While the report could not directly link the patient to poor care, it did find systemic scheduling problems, delayed care and poor mental health care. Previous reports have found that many of these problems extend beyond Phoenix throughout the VA health care system.
“These 45 cases discussed in the report reflect unacceptable and troubling issues in follow-up, coordination, quality and continuity of care,” Mr. Griffin said at the hearing.
“Immediate and substantive changes are needed,” he later added.
While the deaths could not be linked to poor care, Mr. McDonald still acknowledged that the report showed failures of the VA and apologized to veterans who had been effected by delays.
“Let me begin by offering my personal apologies to all veterans who experienced unacceptable delays in receiving care,” he said. “It’s clear that we failed in that respect.”
The report on Phoenix found that schedulers were placing patients on a secret wait list, where veterans could possibly be forgotten about and never receive the appointment they requested.
As of Sept. 5, there are only 10 veterans on the “iconic electronic wait list” in Phoenix, Mr.

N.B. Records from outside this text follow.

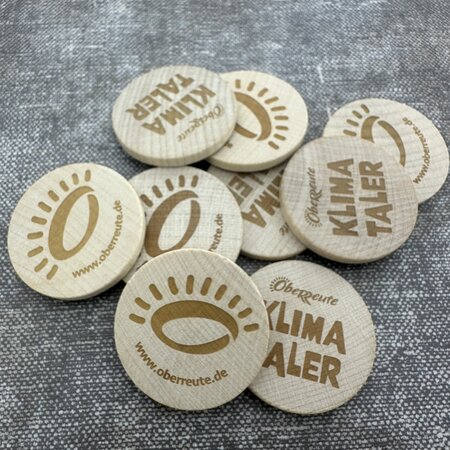 CombiCraft Houten munten met eigen gravering Ø37mm - per 100 stuks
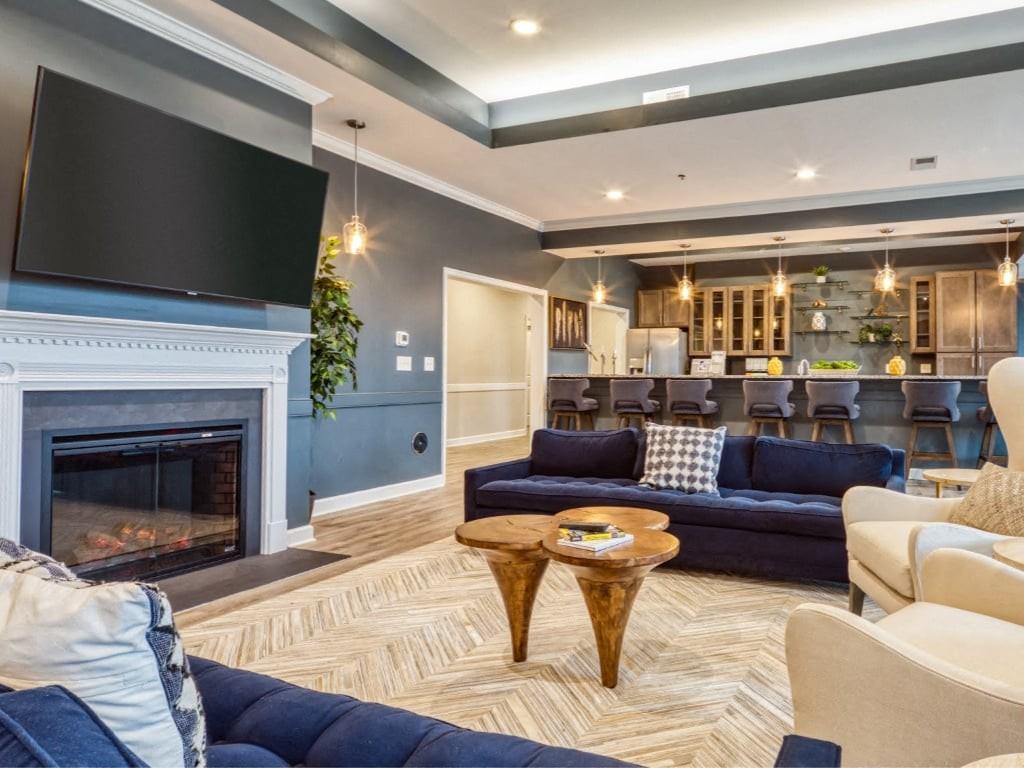 Crossroads Station Apartments - Photo 4 of 27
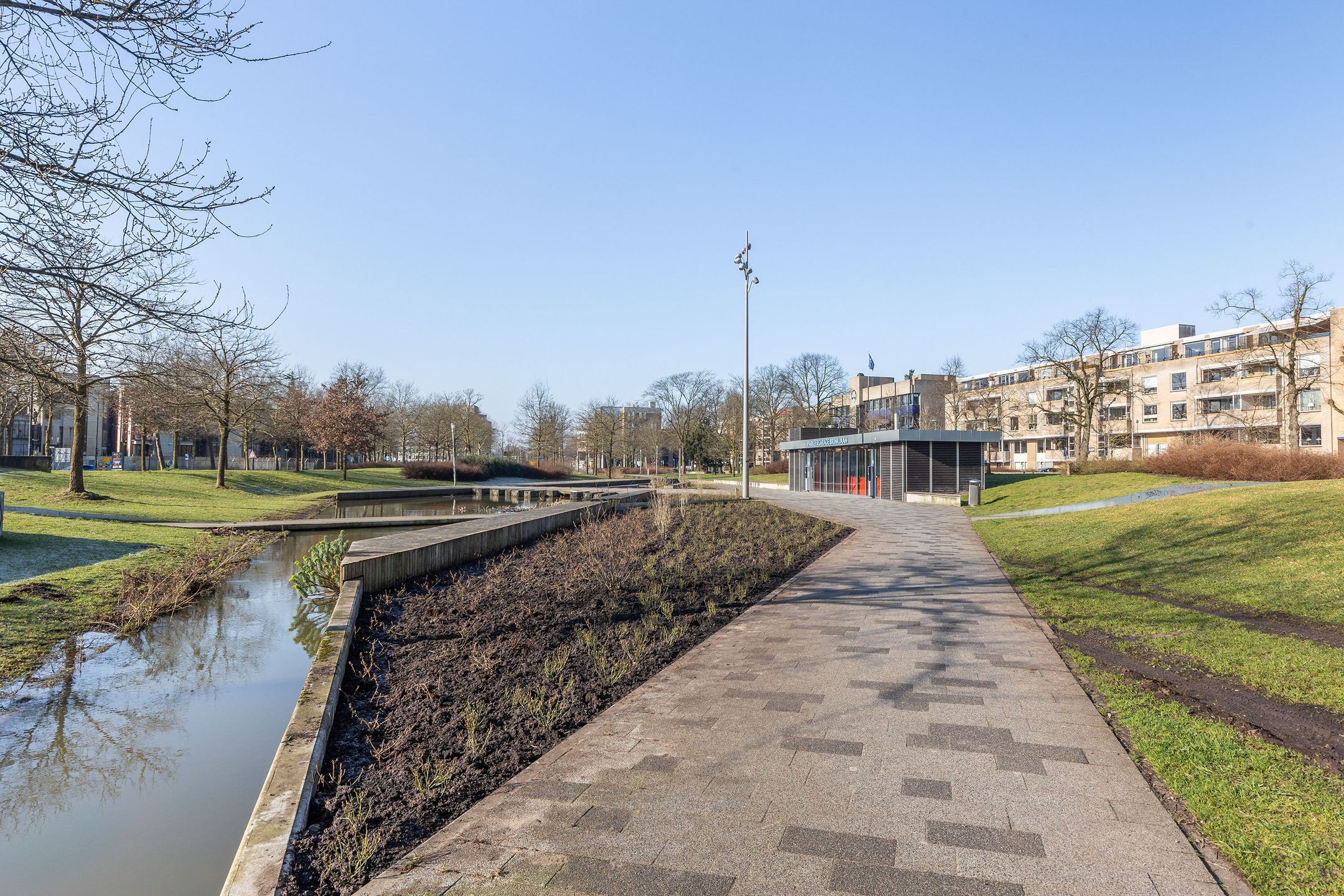 Foto 27 van Helfrichstraat 25-H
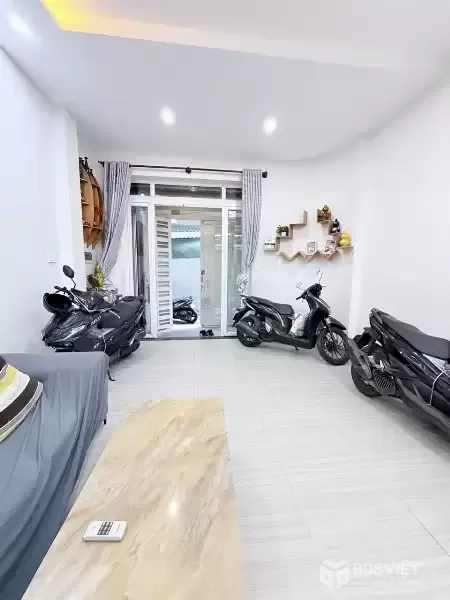 Sát Mặt tiền - CMT8 - Quận 10 -  4 tầng - 53m2 - hoàn công - 11.8 Tỷ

McDonald said.
The report has recently come under fire for allegedly being edited by the VA, but Mr. Griffin defended the inspector general’s independence, saying that while the report is submitted to the department for review, only facts that the investigation may have missed would be added.
“We do not accept from the department or from anyone else a dictated response that’s related to opinion instead of fact,” he said.
The IG is still investigating 93 facilities, about a quarter of which been found to have any data or scheduling manipulation, Mr. Griffin said. He said he hoped they would be completed by the end of the year.